> _What this task involves_: Omitting all images, transcribe the entries word for word.

(Excerpts from a dataset)
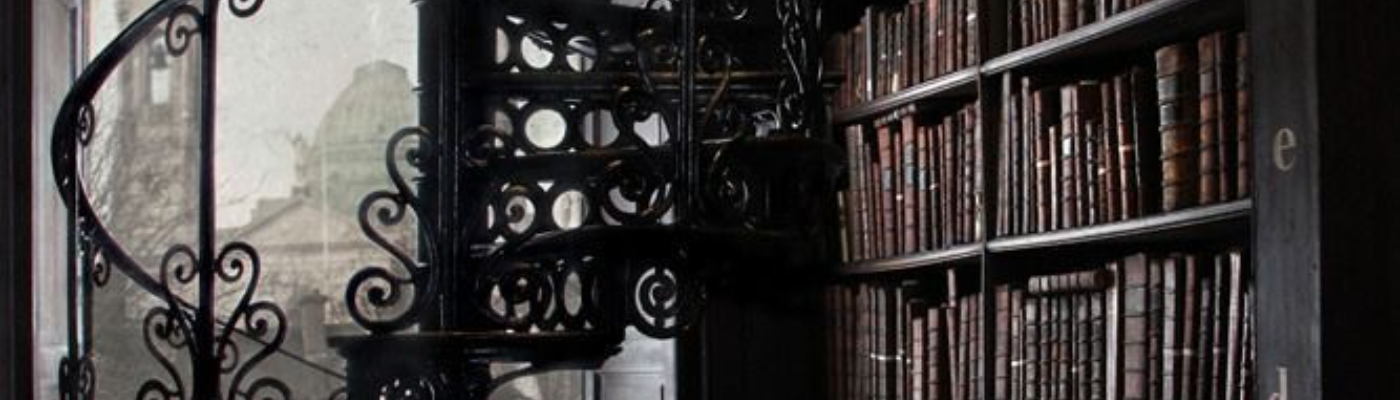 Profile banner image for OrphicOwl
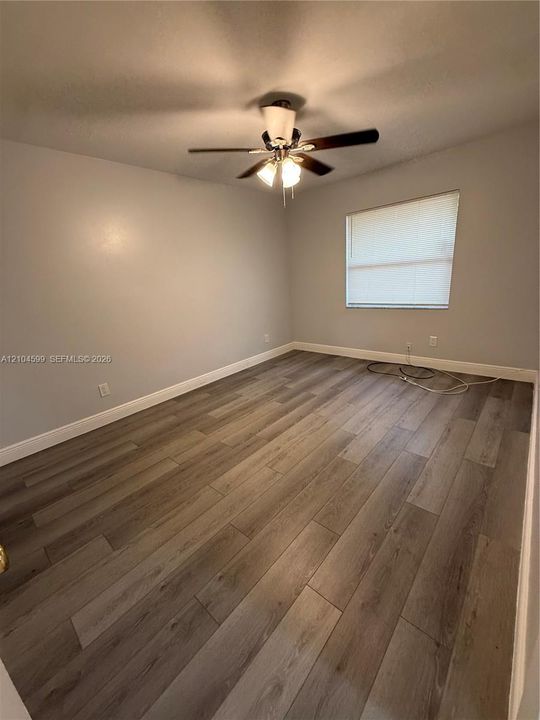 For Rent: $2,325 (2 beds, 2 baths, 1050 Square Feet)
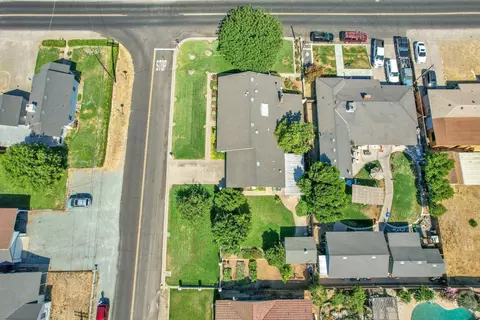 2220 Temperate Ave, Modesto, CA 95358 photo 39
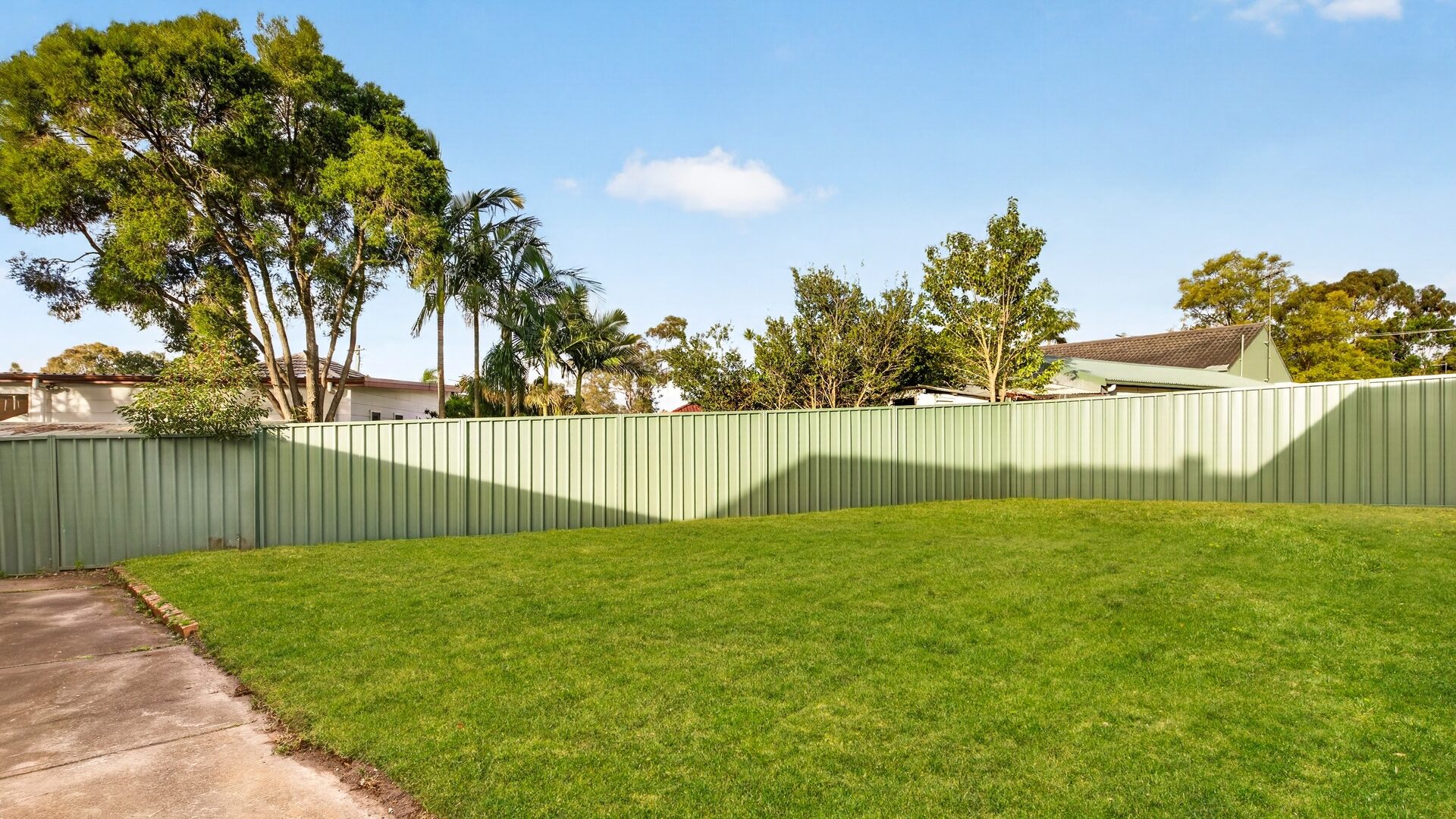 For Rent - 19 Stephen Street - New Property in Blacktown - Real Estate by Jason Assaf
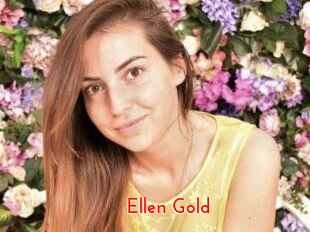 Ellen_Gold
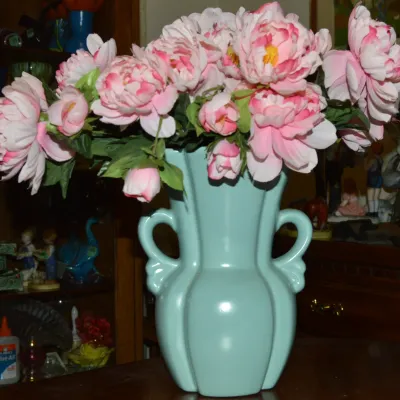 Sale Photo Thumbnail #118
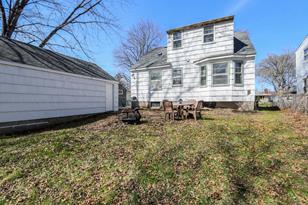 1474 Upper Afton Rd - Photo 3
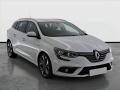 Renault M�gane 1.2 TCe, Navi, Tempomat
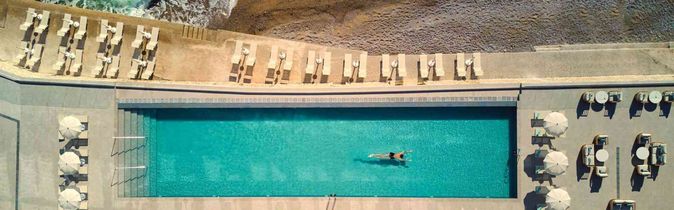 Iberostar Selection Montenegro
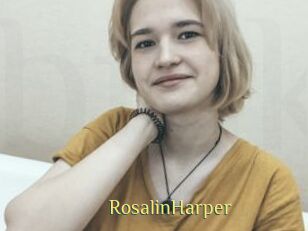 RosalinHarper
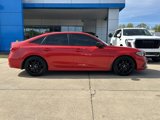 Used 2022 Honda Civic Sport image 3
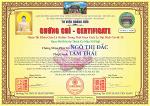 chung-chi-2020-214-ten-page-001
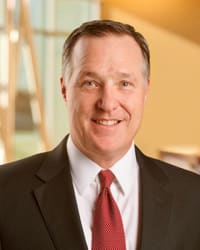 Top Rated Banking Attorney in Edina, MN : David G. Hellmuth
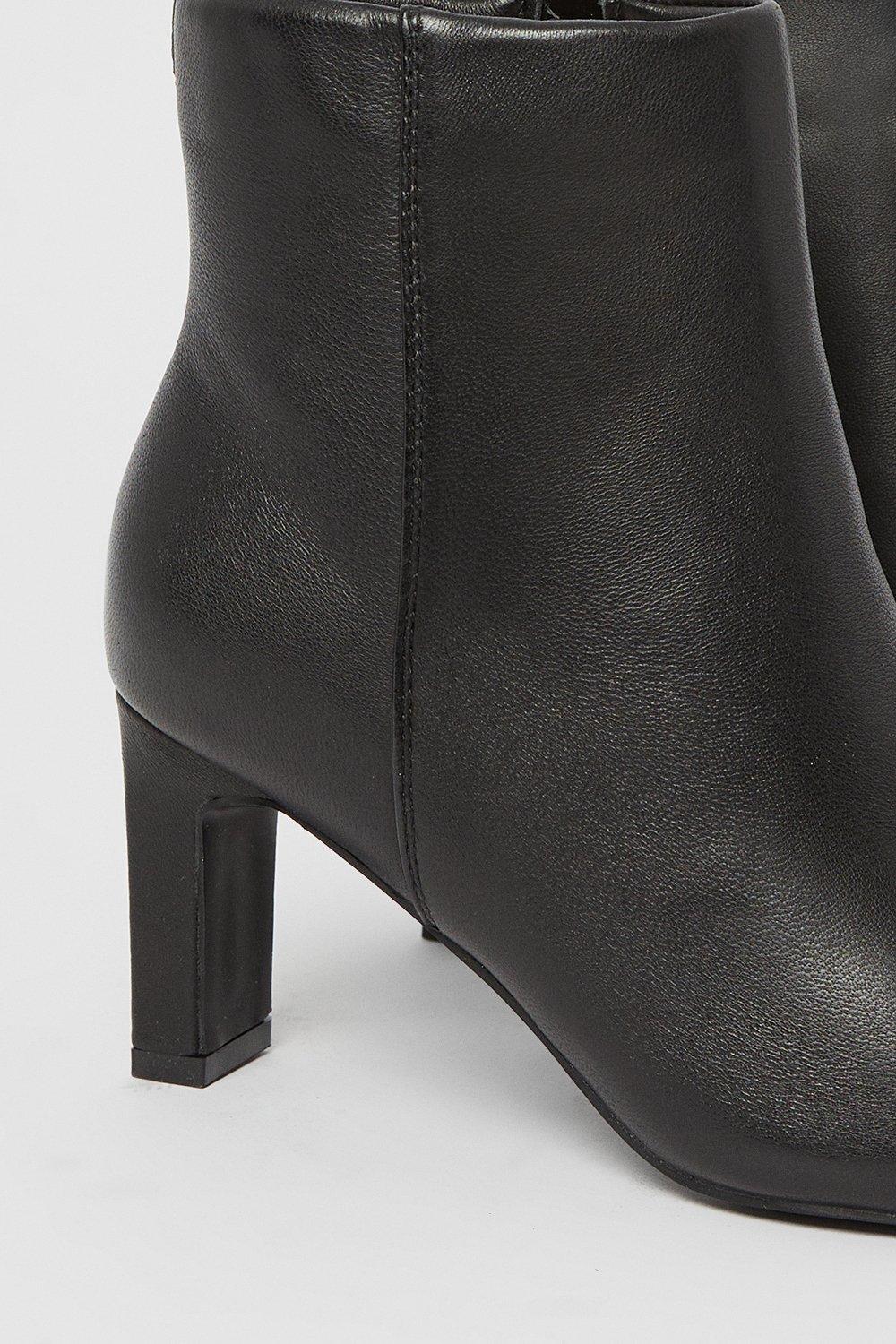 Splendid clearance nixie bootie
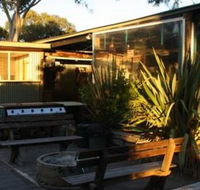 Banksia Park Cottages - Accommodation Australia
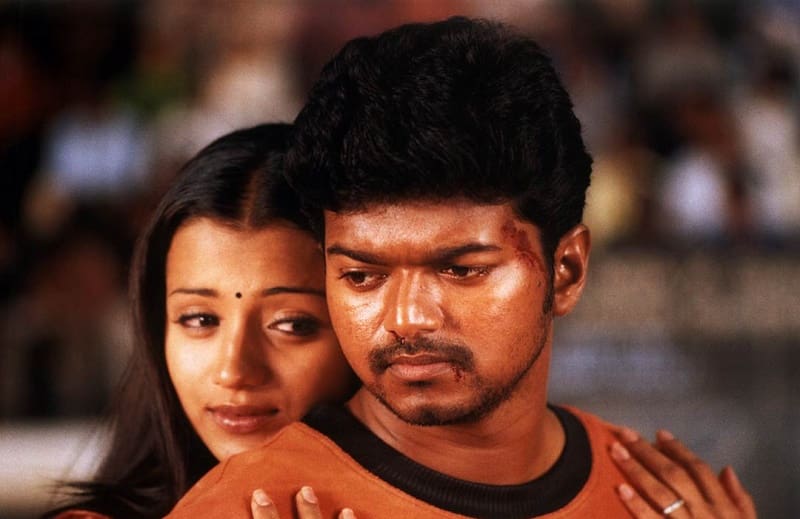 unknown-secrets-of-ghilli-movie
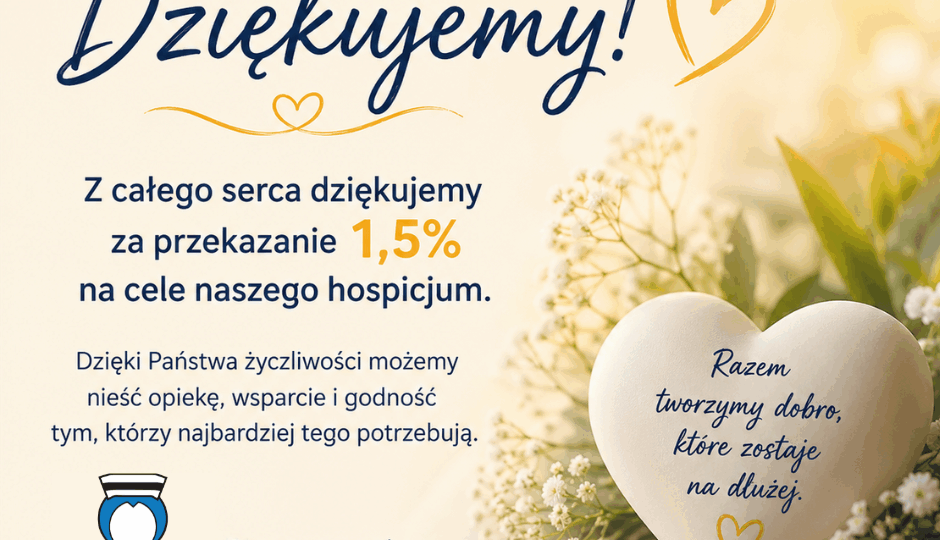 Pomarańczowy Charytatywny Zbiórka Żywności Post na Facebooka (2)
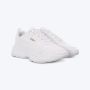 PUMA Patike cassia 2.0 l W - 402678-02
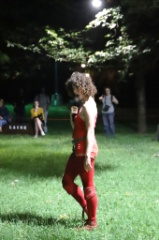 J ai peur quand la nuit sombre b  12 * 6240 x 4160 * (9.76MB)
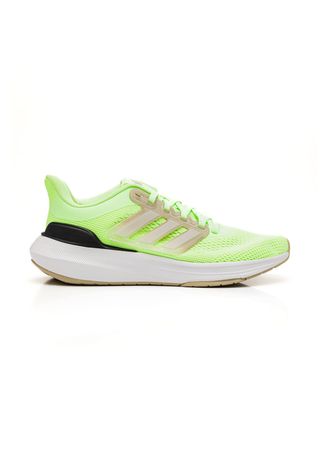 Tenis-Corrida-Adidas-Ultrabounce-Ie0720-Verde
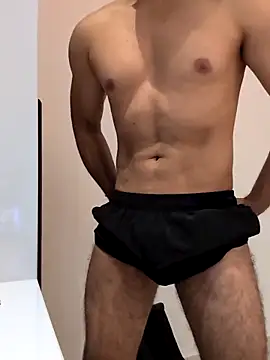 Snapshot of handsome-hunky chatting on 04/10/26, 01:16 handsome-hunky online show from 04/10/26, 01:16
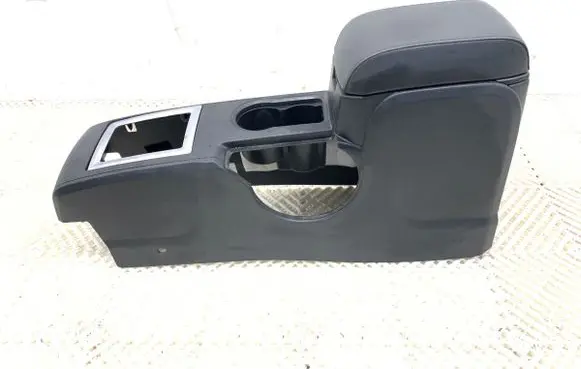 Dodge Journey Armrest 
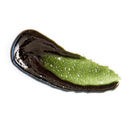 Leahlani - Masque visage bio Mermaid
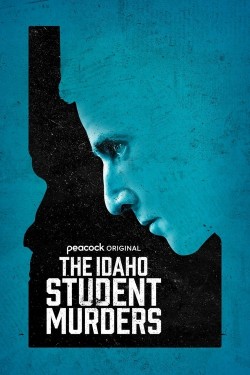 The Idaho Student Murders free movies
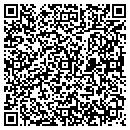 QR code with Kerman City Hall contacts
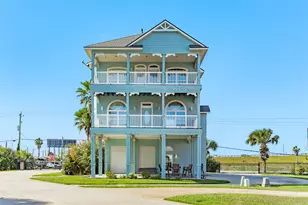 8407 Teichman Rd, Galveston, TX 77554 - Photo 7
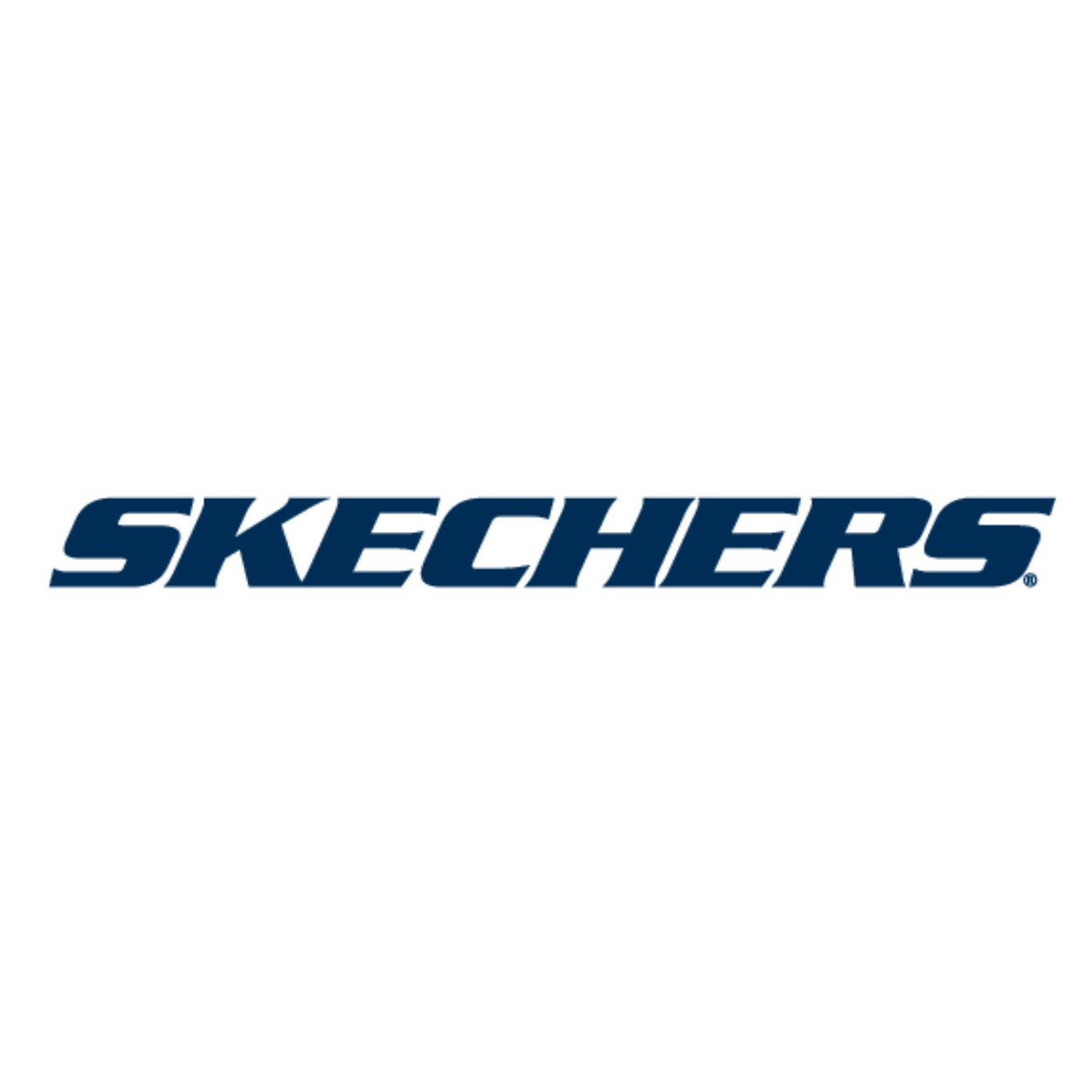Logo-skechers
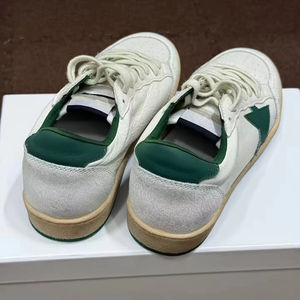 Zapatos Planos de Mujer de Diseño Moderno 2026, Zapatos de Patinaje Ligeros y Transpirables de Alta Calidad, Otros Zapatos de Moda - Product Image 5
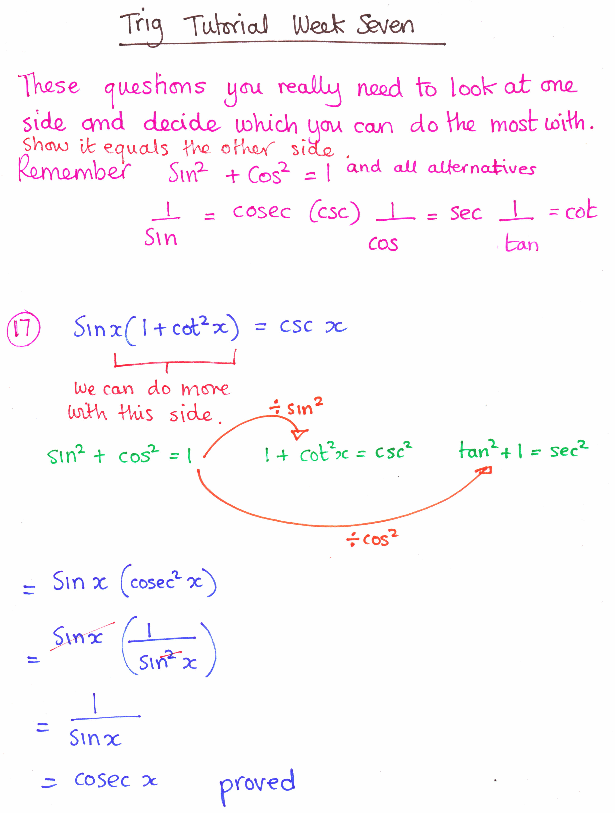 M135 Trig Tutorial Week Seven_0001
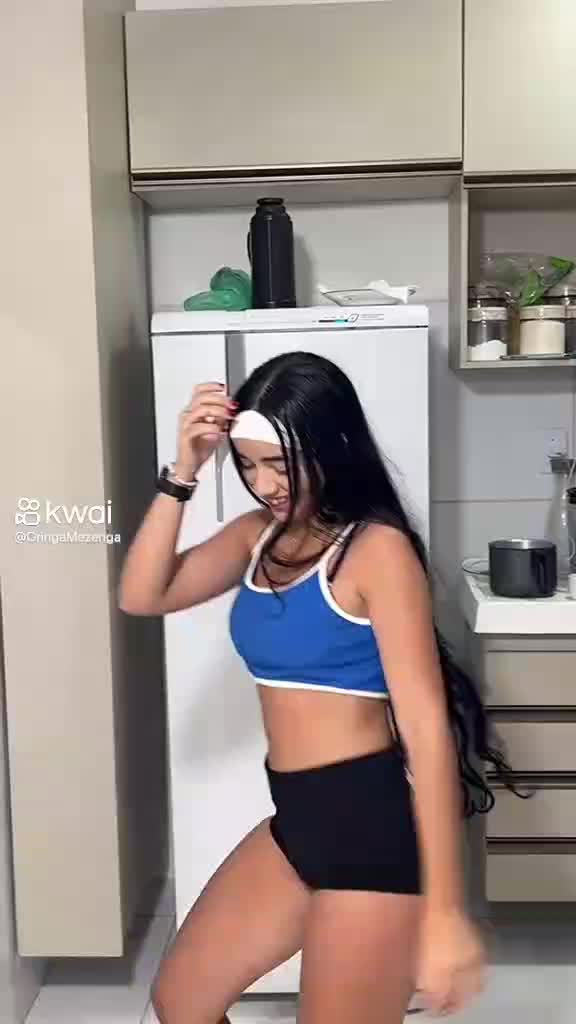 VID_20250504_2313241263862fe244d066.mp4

> _Response to the task_:
 Profile banner image for OrphicOwl
 For Rent: $2,325 (2 beds, 2 baths, 1050 Square Feet)
 2220 Temperate Ave, Modesto, CA 95358 photo 39
 For Rent - 19 Stephen Street - New Property in Blacktown - Real Estate by Jason Assaf
 Ellen_Gold
 Sale Photo Thumbnail #118
 1474 Upper Afton Rd - Photo 3
 Renault M�gane 1.2 TCe, Navi, Tempomat
 Iberostar Selection Montenegro
 RosalinHarper
 Used 2022 Honda Civic Sport image 3
 chung-chi-2020-214-ten-page-001
 Top Rated Banking Attorney in Edina, MN : David G. Hellmuth
 Splendid clearance nixie bootie
 Banksia Park Cottages - Accommodation Australia
 unknown-secrets-of-ghilli-movie
 Pomarańczowy Charytatywny Zbiórka Żywności Post na Facebooka (2)
 PUMA Patike cassia 2.0 l W - 402678-02
 J ai peur quand la nuit sombre b  12 * 6240 x 4160 * (9.76MB)
 Tenis-Corrida-Adidas-Ultrabounce-Ie0720-Verde
 Snapshot of handsome-hunky chatting on 04/10/26, 01:16 handsome-hunky online show from 04/10/26, 01:16
 Dodge Journey Armrest 
 Leahlani - Masque visage bio Mermaid
 The Idaho Student Murders free movies
 QR code with Kerman City Hall contacts
 8407 Teichman Rd, Galveston, TX 77554 - Photo 7
Logo-skechers
 Zapatos Planos de Mujer de Diseño Moderno 2026, Zapatos de Patinaje Ligeros y Transpirables de Alta Calidad, Otros Zapatos de Moda - Product Image 5
 M135 Trig Tutorial Week Seven_0001
 VID_20250504_2313241263862fe244d066.mp4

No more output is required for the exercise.